The hapless young wife could find no answer to that question; her head drooped, and her lips were dumb.

"I am so glad you told me this," said Vivian; and it was strange that Ida did not notice the ring of triumph in the voice of her false friend as she said: "I will do my best to bring you two together. I do not ask which one is at fault. Both can not be entirely blameless."

"There is a shadow between us which never can be lifted," sobbed the young wife, putting her head on Vivian's shoulder. "There is love on only one side," went on Ida, despairingly. "He is indifferent to me, and—and he will grow to hate me."

"Forgive me, please, if I have been so engrossed in my own love affair that I did not notice anything was amiss between my old friend Eugene and his fair young bride."

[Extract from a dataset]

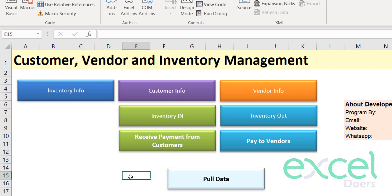If you want to have this inventory management system, please check out the description and download your copy. If you haven't subscribed to this channel, please subscribe now and share with others. Thank you so much.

"I almost dread to think of the future," moaned the young wife. "There are times when I give myself up to wondering over the strange problems of life, and I ask myself why I, who should be happy, find the world so dark and dreary."

"You must be very patient," said Vivian, "and above all things, let me warn you against being the first to make overtures for a reconciliation."

"Oh, I am so very, very glad that I have had this talk with you," sobbed Ida, "for during the past week I had come to the conclusion that the very first time I found my husband in the library, I would go up to him, and say; 'This kind of life is killing me. It would be better far for you to plunge a knife in my breast and kill me. Either take me to your heart, either make me your wife in fact as well as name, or send me out into the coldness and bitterness of the world. I can endure this no longer. Your friends crowd about me, thinking I am the happiest person in the world, while I am the most miserable. I must go from here, because I have learned to love you, my husband, with all my heart and soul. You may be surprised to hear this from me, but it is the truth. I love you as no one else ever will. You may live for years, flattered and happy, but no love like mine will ever come to you again. Although you married me, yet you do not love me, and never will. Always remember that the wife who is leaving you loves you with all her heart. I would not tell you this now, but that I know in this world we may never meet again.'"

Her voice died away in a whisper as she uttered the last word, and the false friend who had determined to part husband and wife said she had learned just in time what was necessary to prevent a reconciliation between Ida and her husband.